> Task instructions
Where the listing below reaches the line containing "One of the Christmas", start writing out lines exactly, and stop once the line containing "Stiefelparadies Damen Plateau" has been written.

> Recorded data
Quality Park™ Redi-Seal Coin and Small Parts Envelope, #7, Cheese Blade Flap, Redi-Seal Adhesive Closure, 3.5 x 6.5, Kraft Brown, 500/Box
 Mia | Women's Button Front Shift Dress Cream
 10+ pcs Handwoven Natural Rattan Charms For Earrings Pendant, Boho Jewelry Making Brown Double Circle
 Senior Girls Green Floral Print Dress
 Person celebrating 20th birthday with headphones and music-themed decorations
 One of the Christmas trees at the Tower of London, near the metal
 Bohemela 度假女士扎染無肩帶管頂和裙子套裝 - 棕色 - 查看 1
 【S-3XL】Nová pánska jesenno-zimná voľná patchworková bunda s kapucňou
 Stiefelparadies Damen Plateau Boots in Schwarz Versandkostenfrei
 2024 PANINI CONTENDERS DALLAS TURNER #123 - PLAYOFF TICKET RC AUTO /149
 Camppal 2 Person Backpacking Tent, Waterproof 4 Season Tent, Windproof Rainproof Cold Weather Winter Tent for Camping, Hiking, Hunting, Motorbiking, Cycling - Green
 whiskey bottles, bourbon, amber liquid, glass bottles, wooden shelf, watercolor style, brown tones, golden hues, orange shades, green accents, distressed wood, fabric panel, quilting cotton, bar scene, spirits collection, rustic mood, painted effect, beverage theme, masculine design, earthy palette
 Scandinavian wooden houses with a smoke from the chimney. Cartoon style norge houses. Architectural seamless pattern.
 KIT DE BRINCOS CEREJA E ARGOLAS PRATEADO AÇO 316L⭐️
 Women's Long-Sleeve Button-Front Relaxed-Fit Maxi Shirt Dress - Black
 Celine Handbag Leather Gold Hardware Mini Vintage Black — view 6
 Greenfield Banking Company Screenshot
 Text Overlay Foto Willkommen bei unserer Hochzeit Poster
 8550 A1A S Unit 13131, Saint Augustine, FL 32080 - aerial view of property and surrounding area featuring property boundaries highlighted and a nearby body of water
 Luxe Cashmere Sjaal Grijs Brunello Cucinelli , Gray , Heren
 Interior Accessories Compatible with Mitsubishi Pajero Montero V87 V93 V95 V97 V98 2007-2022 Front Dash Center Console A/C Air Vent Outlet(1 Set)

> Result of the task
 One of the Christmas trees at the Tower of London, near the metal
 Bohemela 度假女士扎染無肩帶管頂和裙子套裝 - 棕色 - 查看 1
 【S-3XL】Nová pánska jesenno-zimná voľná patchworková bunda s kapucňou
 Stiefelparadies Damen Plateau Boots in Schwarz Versandkostenfrei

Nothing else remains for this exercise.